Amazon EC2 (Elastic Compute Cloud)

Amazon EC2 is a core CaaS offering by AWS. It provides resizable compute capacity in the cloud, allowing users to launch virtual machines — called instances — with varying CPU, memory, and storage configurations. EC2 supports multiple operating systems, and users can scale resources up or down based on demand.

Virtual Machines (VMs)

At the heart of compute services are Virtual Machines (VMs) — software-based emulations of physical computers. Each VM runs its own operating system and applications, sharing the underlying physical hardware through a layer called the hypervisor.

Hypervisors and Virtualization

A hypervisor (also known as a virtual machine monitor) is the technology that enables virtualization.
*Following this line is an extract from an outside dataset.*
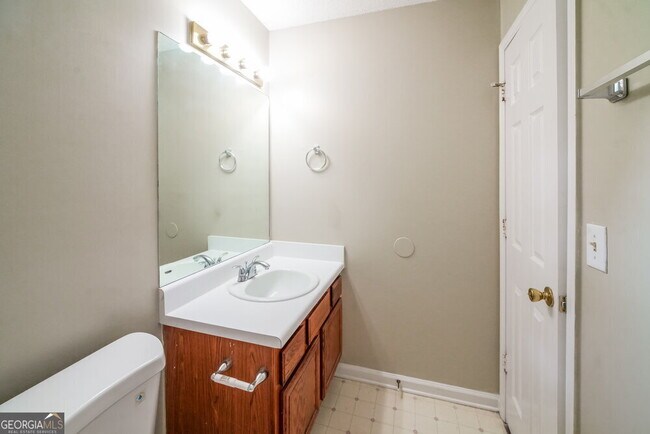 Building Photo - 1214 Foxwood Dr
It allows multiple VMs to run on a single physical host by allocating hardware resources (CPU, memory, etc.) to each VM. Hypervisors are categorized into:

  • Type 1 (Bare Metal): Runs directly on hardware (e.g., VMware ESXi, Microsoft Hyper-V).
  • Type 2 (Hosted): Runs on top of an existing OS (e.g., VirtualBox, VMware Workstation).

In cloud environments like AWS, Type 1 hypervisors are commonly used to achieve high performance and isolation between tenants.

Tenants in Cloud Computing

In a multi-tenant cloud architecture, a tenant refers to a single customer or user (which could be an individual, team, or organization) that consumes services from the cloud provider.

Multi-Tenancy

Multi-tenancy is a core principle of public cloud computing where multiple customers (tenants) share the same physical infrastructure securely and independently. Hypervisors ensure strong isolation between tenants’ VMs, while cloud providers implement additional security, network segmentation, and identity management to protect customer data and workloads.

Client & Server

Client: A device/person that accesses a service provided by a server.

Server: A device/person that provides services for clients.


Infrastructure Geography

AWS Regions and Availability Zones

AWS infrastructure is organized into Regions and Availability Zones (AZs):

  • An AWS Region is a geographical location with multiple, physically separated data centers.
  • Each Availability Zone is an isolated data center within a region, designed to be resilient against failures in other zones.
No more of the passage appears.